Medical innovators ease life for patients with disabilities


Del Ellerton

Dr. Ann Spungen, a spinal cord researcher at Icahn School of Medicine at Mt. Sinai University, speaks at a panel discussion about exoskeleton, robotic technology for paralysis patients at the No Barriers Summit in New York City on Oct. 5, 2018.


Medical innovators presented their work on technological advances for people with physical disabilities at the No Barriers Summit in New York City in early October to expand their reach and inspire others to make advances in bioengineering.

Researchers shared the latest technologies in supportive exoskeletons for patients paralyzed as a result of spinal cord injuries, as well as functional 3D-printed prosthetics and other mobility aids. Five Grady students attended the summit, as the national high school winner, to present their winning project. The team created sensory-friendly events for kids with sensory processing disorder and their families. They won $5,000 and the opportunity to present to students and teachers at the global summit.

Most people think of bugs when they hear the word “exoskeleton,” but to Dr. Ann Spungen, they’re life-changing medical devices. These supportive metal frames make it possible for a select few patients with paralysis from the waist down to walk.

“Believe it or not, 50 percent of the population gets excluded solely due to bone density, because people with spinal cord injuries can lose as much as 40 to 69 percent of their bone mass within two years of injury,” Dr. Spungen, of the Icahn School of Medicine at Mt. Sinai University, told summit attendees at the Intrepid Air, Sea & Space Museum on the Hudson River in lower Manhattan.

In spite of restrictions, exoskeletons are life-changing for those who qualify to use them, she said. Architect Robert Wu was paralyzed from the waist down in 2007 and was one of Dr. Spungen’s patients, who joined her to speak at the summit.

“Life was very devastating for me at the time,” said Wu. “But three years later, I was able to stand and walk using the exoskeleton … there’s just so much more I can do like this.”

Exoskeletons weren’t the only technologies presented at the No Barriers Life Panel. Jen Owen, co-founder of, presented the 3D-printed prosthetic that led to an influx of free online prosthetic hand designs. She says it all began with a cosplay.

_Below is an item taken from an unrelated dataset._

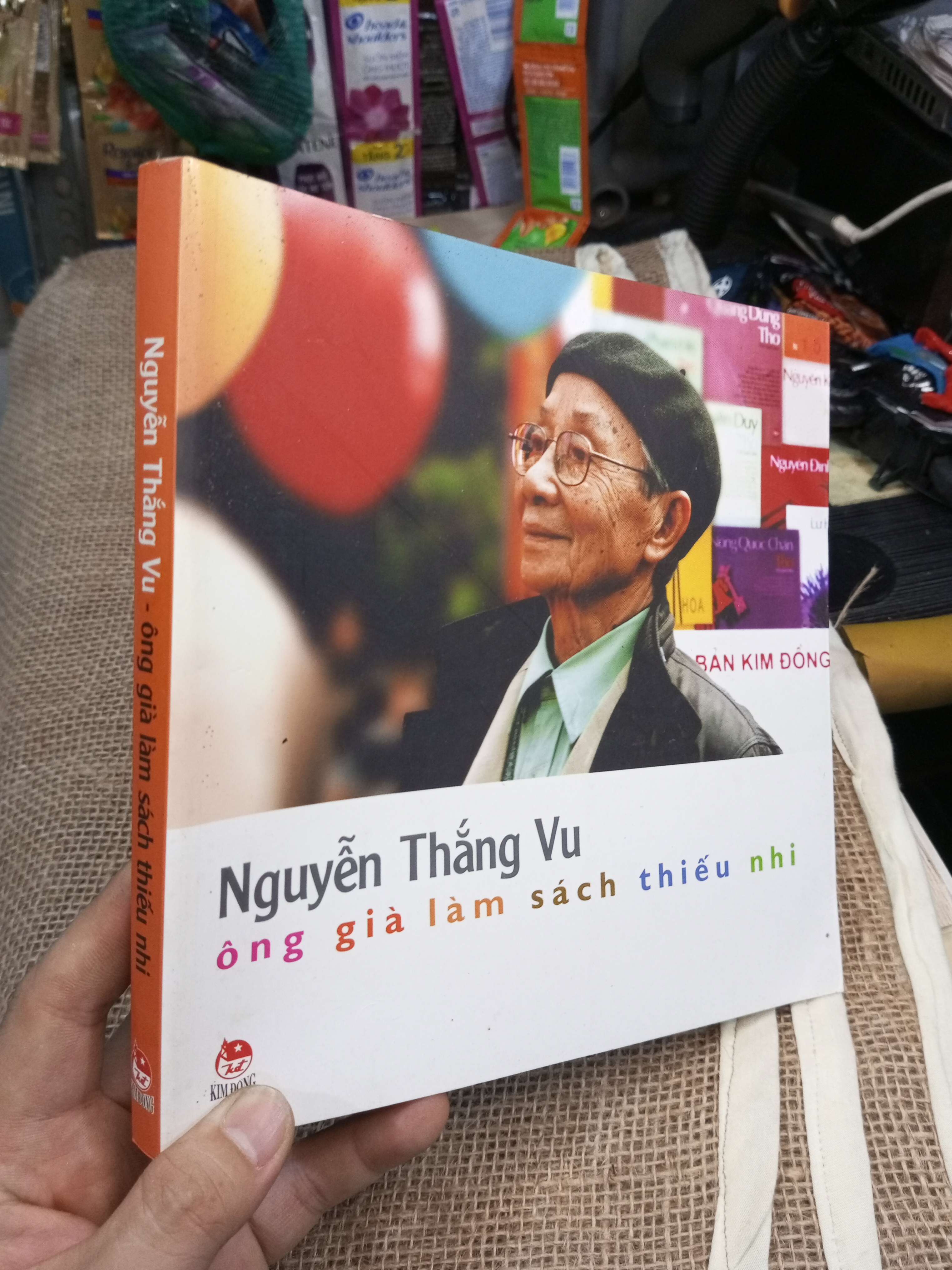 Nguyễn Thắng Vu Ông Già Làm Sách Thiếu Nhi 2011 mới 90% (Sách văn học) HMT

“My husband and I decided to go to a Steampunk convention,” said Owen. “And for his costume, he made this giant metal hand that actually functioned when he moved his fingers.”

Jen and her husband Ivan posted a video of the working hand on Facebook and forgot about it until four months later, when a carpenter from South Africa contacted them. He had lost four fingers in an accident. He wanted to work with Ivan Owen to design replacement fingers, because a prosthetic would have cost him roughly $10,000.

“They literally had to work together on Skype and email,” said Owen. “I don’t know if you’ve ever tried designing something for somebody without them there, but it doesn’t work very well.”

In the beginning, distance and cost forced Ivan Owen and the carpenter to get creative with supplies for their prototype prosthetic.

“Their first prototypes consisted of toilet paper tubes, rivets, leather, lots and lots of duct tape,” said Owen. “And after awhile, they starting stealing toys from the kids’ toy box and come up with a functioning prototype that could actually pick things up.”

Over time, more people contacted Owen with requests for prosthetics. To make design possible from a distance and accommodate the growing number of children who would soon outgrow their prosthetics, Owen began to collaborate with families using 3D printing.

After a video of Liam, a boy for whom Ivan Owen designed a prosthetic, went viral, people across the globe engaged in the project. Some offered to print the prosthetics with their 3D printers, others designed more prototypes, and families continued requesting prosthetics.

“I decided to take the original blog I had and turn it into a new one for a new kind of story,” said Owen. “I made it so I could share the stories that were coming in, and also media could find it.”

People began sending measurements of their kids’ hands to volunteers, and the project continues today. From their start at a cosplay convention, the Owens have turned one Steampunk hand into a global organization called E-Nable. While the hands aren’t as developed as more expensive prosthetics, they meet the needs of thousands.

“Things that we take for granted, these kids are excited about,” said Owen. “They want to hold onto their bike handles. They want to jump rope … it’s not really the function of the hand, it’s that they now feel like superheroes themselves.”